Tags are modified by SAM and other software life cycle management tool providers, deployment tool providers, software resellers, value-added resellers, republishers, packagers and release publishers. The benefits from standardisation in software tagging practices for these parties include, but are not limited to, the following:

  1. SWID tag modifiers are able to expect consistent and uniform values in SWID tag data.
  2. Products released by SAM and other software life cycle management tool providers and deployment tool providers can more easily discover mandatory software tag information by virtue of the implementation of standardised location and formatting of SWID tag data.
  3. Products released by SAM and other software life cycle management tool providers and deployment tool providers are able to utilise SWID tag data to reconcile an application from discovery information.
  4. Products released by SAM and other software life cycle management tool providers and deployment tool providers are able to utilise SWID tag data to distinguish differences between licensed and unlicensed applications.
  5. Products released by SAM and other software life cycle management tool providers and deployment tool providers are better able to determine from SWID tag data whether or not an application should be installed on a particular platform or computer system.
  6. SAM and other software life cycle management tool providers and deployment tool providers are able to free more proprietary resources to enhance best practices and improve product lines by virtue of improvements made in software identification via tagging standardisation.
  7. SWID tag information is used to assist in the automation of the packaging of an application for distribution.
  8. Distributors, repackagers and resellers can more easily determine if a particular SWID tag needs modification by having quicker access to the requisite information.
  9. Distributors, repackagers and resellers can ensure that SWID tag creators have properly tagged their software.
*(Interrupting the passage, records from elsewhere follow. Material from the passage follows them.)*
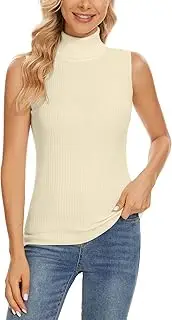 [Biffxeu] Sleeveless Turtlenecks for Women Lightweight Knit Sleeveless Vest Stretchy Turtleneck Tops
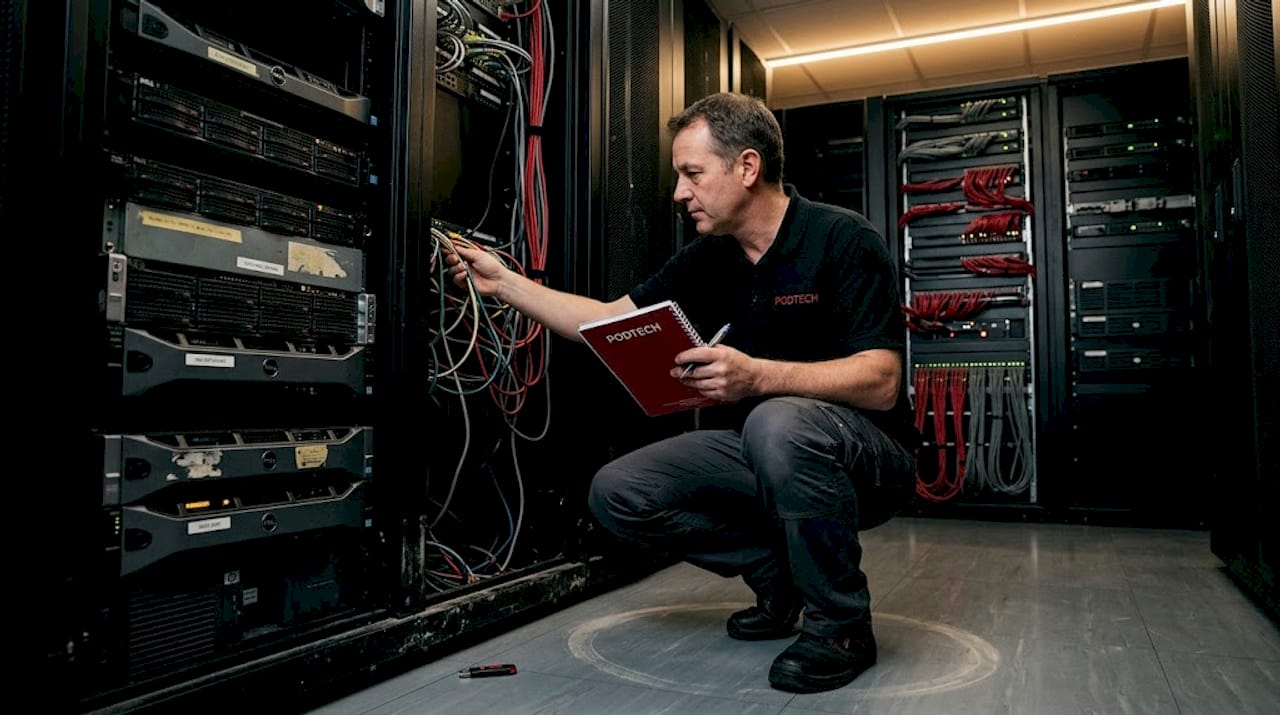 IT technician working among aging servers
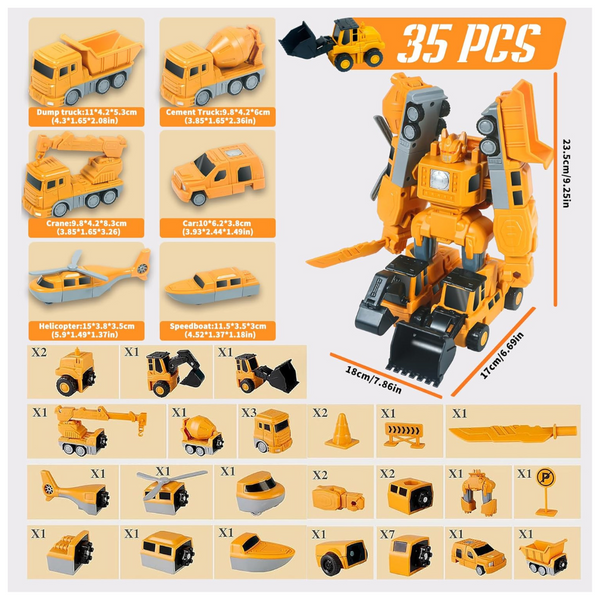 35-Piece Magnetic Transforming Robot Toy Set with Storage Box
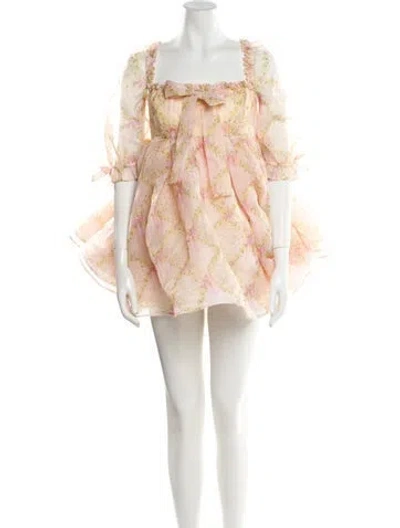 Pre-owned Selkie Floral Print Mini Dress W/ Tags In Neutral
Examples of SWID tag modifiers include:

  • distributors
  • software resellers
  • value-added resellers
  • republishers
  • packagers
  • sam tool providers
  • deployment tool providers
  • release publishers.

SWID tag consumers

Tag consumers include SAM owners, IT support professionals and end-users of a given software configuration item. The benefits from standardisation in software tagging practices for these parties include, but are not limited to, the following:

  1. Asset publishers, professionals and end-users are able to rely on software products as compliant with industry-standard identification mechanisms.
  2. Standardised tagging can improve inventory identification, thereby enhancing the ability to provide details regarding a given software product’s origination, modification and dependencies upon other software products and operating system platforms.
  3. Standardised tagging improves SAM and other software life cycle management and eases compliance auditing by shifting some of the work of reconciling software inventory to the publishers and by enhancing processes of reconciling software use entitlements and installation data.
  4. Standardised tagging across multiple computing and operating system platforms brings order and consistency to identifying what is installed on a given computing device.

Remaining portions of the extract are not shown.